# Need help with 5hp motor



## Jack Wilson (Mar 14, 2010)

Hey guys and gals, I just acquired a used "nonworking" tablesaw. It's got a 5hp single phase 220v motor. Initially the motor was packed with sawdust and wouldn't turn. I cleaned that and replaced the bearings. Now it still doesn't always turn, or turns slowly and blows the breaker, (30 amp double pole), and/or turns backwards. There is evidence inside the cabinet that @ one point the blade came flying off, probably due to the motor spinning backwards. :surprise:

What would cause this?


----------



## Jack Wilson (Mar 14, 2010)

Here's a pic of the tag


----------



## Herb Stoops (Aug 28, 2012)

That small writing at the bottom is the problem, it's passed its expiration date.
Herb


----------



## Stick486 (Jan 4, 2013)

Jack Wilson said:


> Hey guys and gals, I just acquired a used "nonworking" tablesaw. It's got a 5hp single phase 220v motor. Initially the motor was packed with sawdust and wouldn't turn. I cleaned that and replaced the bearings. Now it still doesn't always turn, or turns slowly and blows the breaker, (30 amp double pole), and/or turns backwards. There is evidence inside the cabinet that @ one point the blade came flying off, probably due to the motor spinning backwards. :surprise:
> 
> What would cause this?


wiring on the motor for the CCW rotation...
not coming up to speed...
start cap no good...
start switch not engaging or disengaging...


----------



## PhilBa (Sep 25, 2014)

If there is no damage to the coils, I'd check the starter cap.


----------



## Jack Wilson (Mar 14, 2010)

I don't see this motor reversing polarity, it's a random shift between the 2 directions. Sometimes it's clockwise, other times its not, just depends...but on what, I don't know.


----------



## Jack Wilson (Mar 14, 2010)

Coils LOOK good, how do I verify that they are?


----------



## Stick486 (Jan 4, 2013)

Jack Wilson said:


> I don't see this motor reversing polarity, it's a random shift between the 2 directions. Sometimes it's clockwise, other times its not, just depends...but on what, I don't know.
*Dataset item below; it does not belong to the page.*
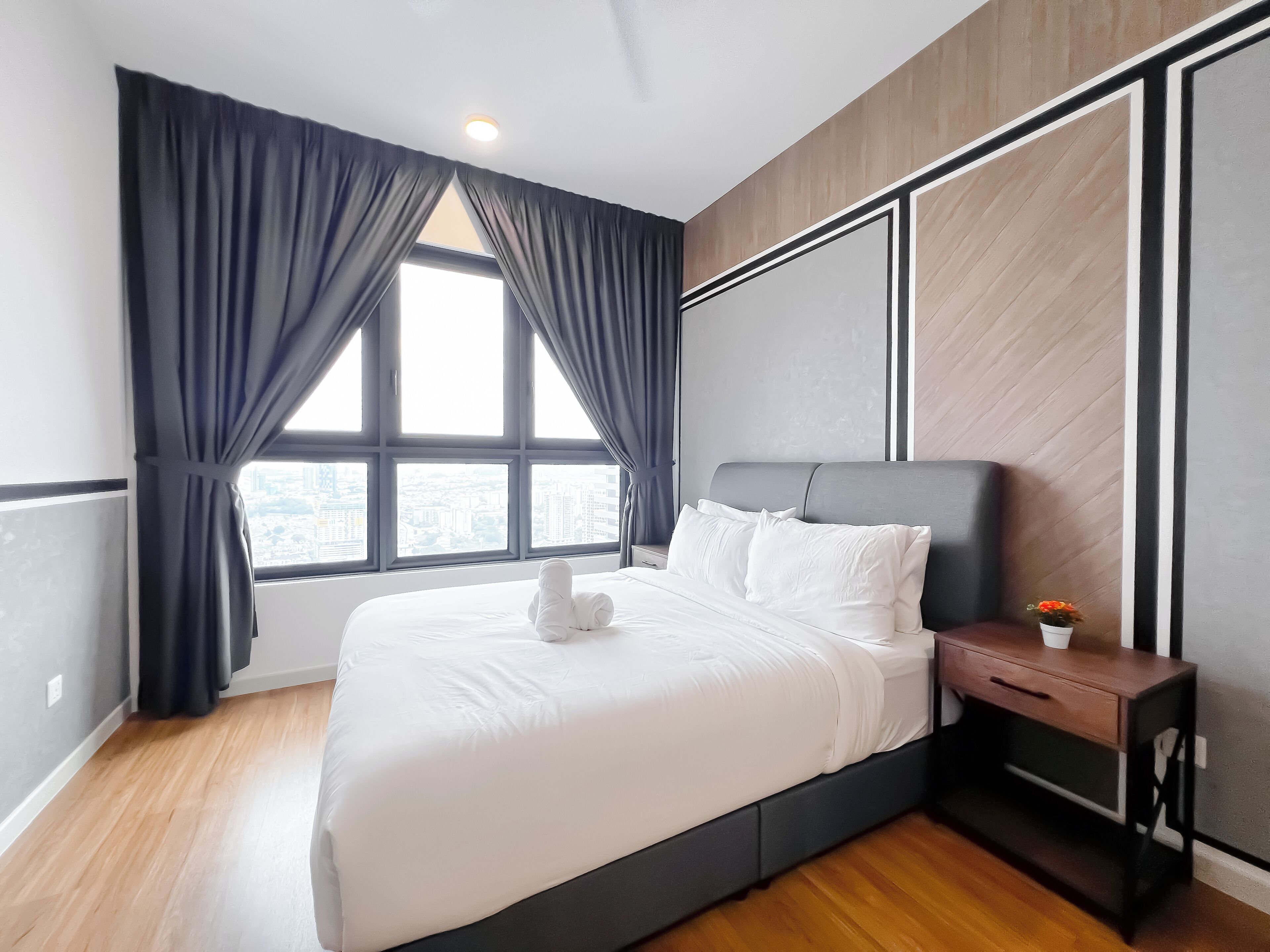 Iron/ironing board, free WiFi, bed sheets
read the PDF's attached...


----------



## Jack Wilson (Mar 14, 2010)

Did a quick experiment, tried starting motor with leads reversed on capacitor, then tried starting motor with capacitor discuss connected. Both resulted in the VERY SAME SYPTOMS I have been experiencing right along. Also, when making an effort to discharge the capacitor, there were no sparks or arcing of any kind.


----------



## PhilBa (Sep 25, 2014)

well, that says it. I smell a cheap fix coming up.


----------



## Jack Wilson (Mar 14, 2010)

Phil, maybe. The guy I bought it from claims he already replaced the capacitor. At the very least, I can't be truly sure that the current capacitor is the correct one.


----------



## Jack Wilson (Mar 14, 2010)

I can't find ANY info about this motor or its manufacturer.


----------



## TwoSkies57 (Feb 23, 2009)

induction motor List, buy induction motor products from Taiwantrade.com


----------



## Stick486 (Jan 4, 2013)

Jack Wilson said:


> Did a quick experiment, tried starting motor with leads reversed on capacitor, then tried starting motor with capacitor discuss connected. Both resulted in the VERY SAME SYPTOMS I have been experiencing right along. Also, when making an effort to discharge the capacitor, there were no sparks or arcing of any kind.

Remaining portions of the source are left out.